_PROBLEM DESCRIPTION_.
Every entry below is to be copied word for word, with its pictures removed.

(Short descriptive text snippets)

☆ ☆ ☆ ☆

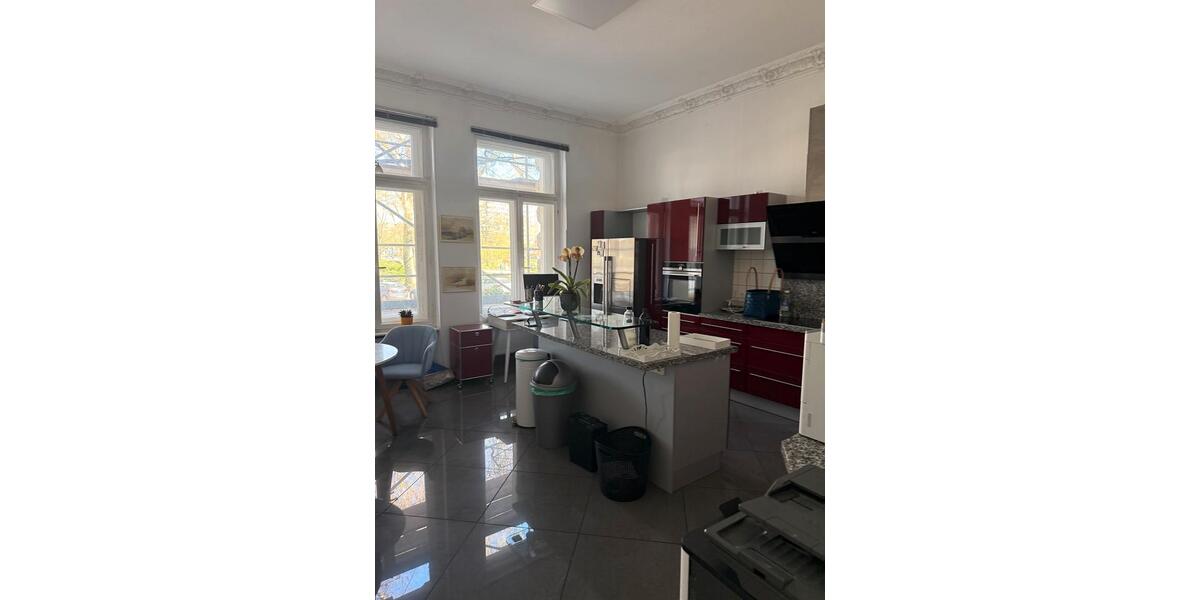 Gewerbeobjekt Wiesbaden Dotzheim - 830&euro; | Angebot:26067565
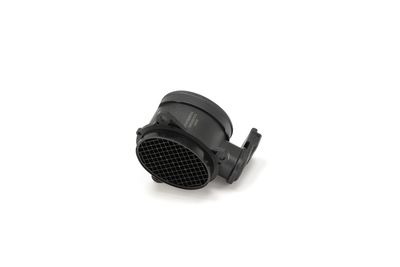 LUFTMASSENMESSER CONTINENTAL/VDO 2803550127302 20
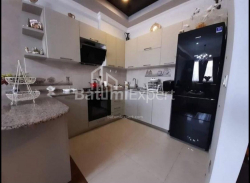 Apartment 56 m² - Selim Khimshiashvili, Batumi, Georgia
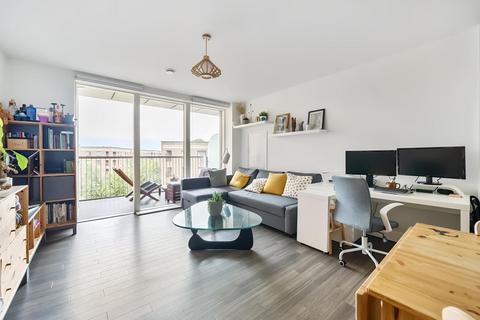 18, Dixie Court Adenmore Road, London, SE6 4FA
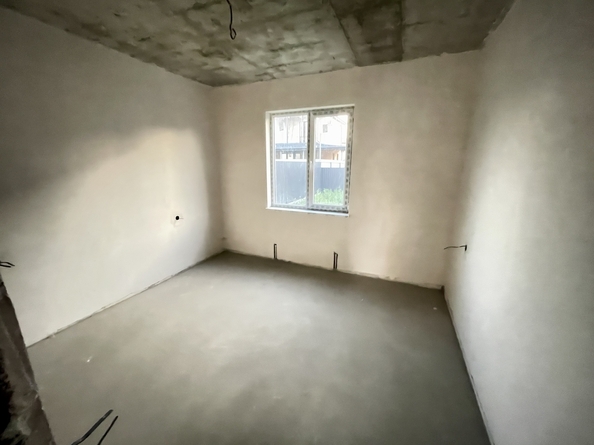 
  Продается дом, 174 м², коттеджный поселок Новое Витязево
. Фото 8.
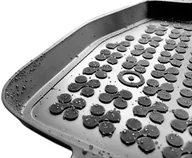 Dywaniki samochodowe - Dywaniki gumowe Ford Focus IV od 2019 - miniaturka - grafika 1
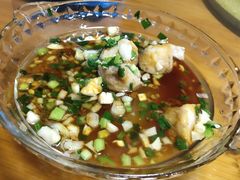 -全乐鱼馆·淳牌有机鱼直营店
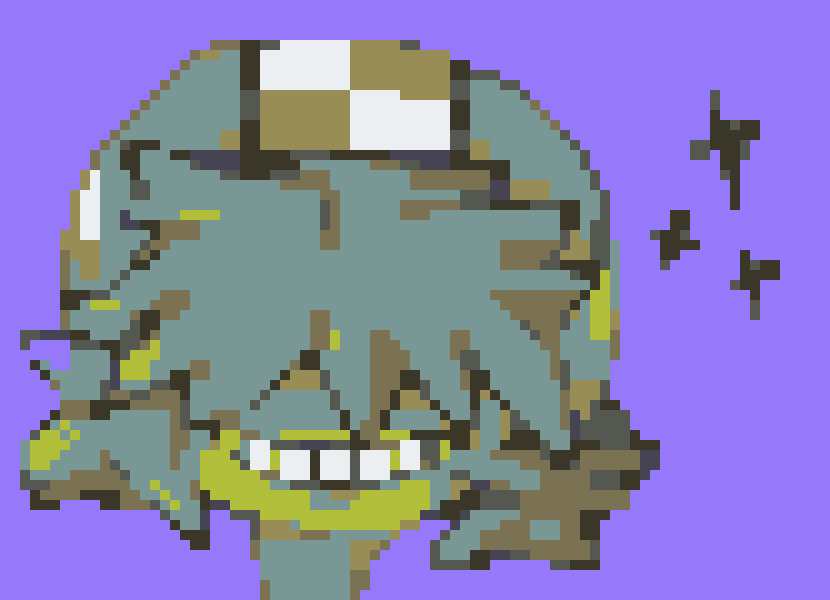 [68c135] back to back was an old diss thats like 2015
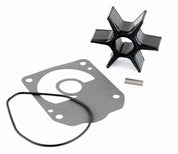 WSM Water Pump Service Kit for Honda / Tohatsu 175 - 225 Hp BF 725-150-01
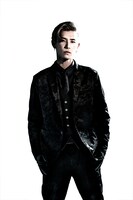 KAZUKI（DOBERMAN INFINITY）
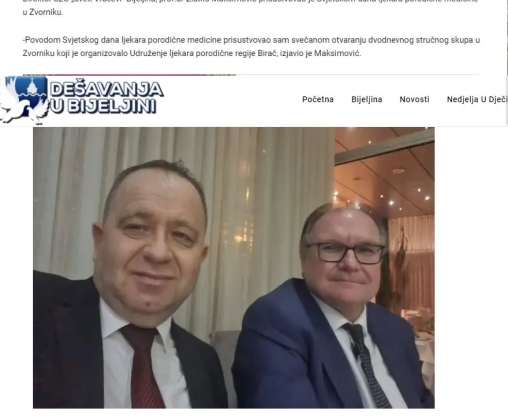 News image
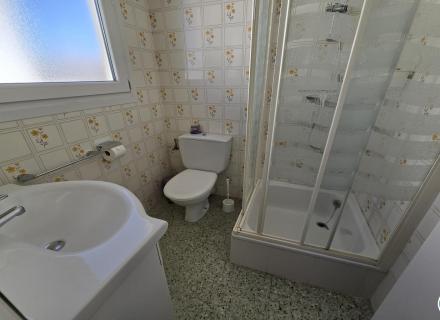 98c27d7b3cdc365006c3c57bd79ac69b_1600x1024.jpg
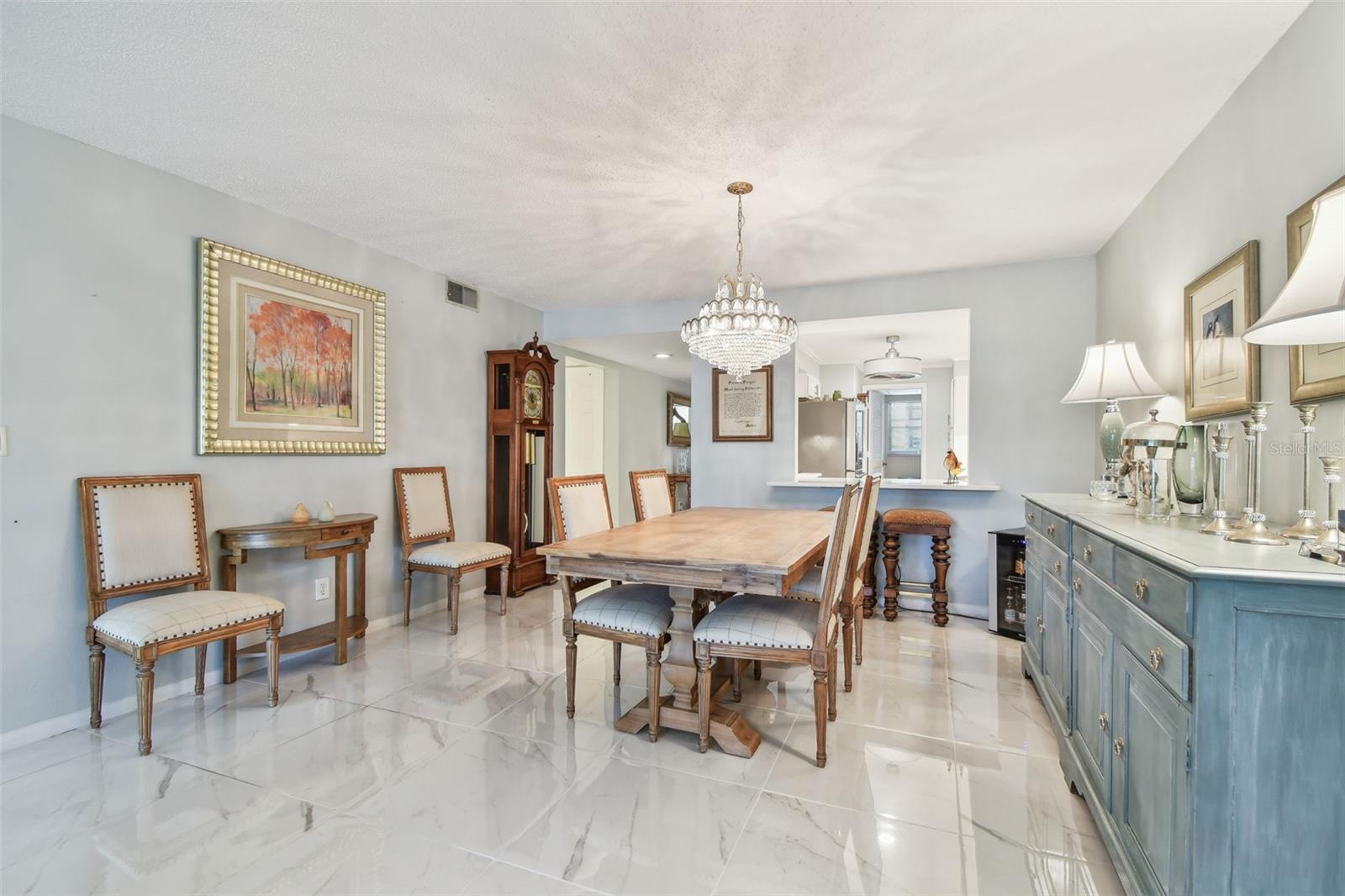 Image 19 of 72 For 3505 Tarpon Woods Boulevard P404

☆ ☆ ☆ ☆

_ANSWER AREA_.
 Gewerbeobjekt Wiesbaden Dotzheim - 830&euro; | Angebot:26067565
 LUFTMASSENMESSER CONTINENTAL/VDO 2803550127302 20
 Apartment 56 m² - Selim Khimshiashvili, Batumi, Georgia
 18, Dixie Court Adenmore Road, London, SE6 4FA
  Продается дом, 174 м², коттеджный поселок Новое Витязево
. Фото 8.
 Dywaniki samochodowe - Dywaniki gumowe Ford Focus IV od 2019 - miniaturka - grafika 1
 -全乐鱼馆·淳牌有机鱼直营店
 [68c135] back to back was an old diss thats like 2015
 WSM Water Pump Service Kit for Honda / Tohatsu 175 - 225 Hp BF 725-150-01
 KAZUKI（DOBERMAN INFINITY）
 News image
 98c27d7b3cdc365006c3c57bd79ac69b_1600x1024.jpg
 Image 19 of 72 For 3505 Tarpon Woods Boulevard P404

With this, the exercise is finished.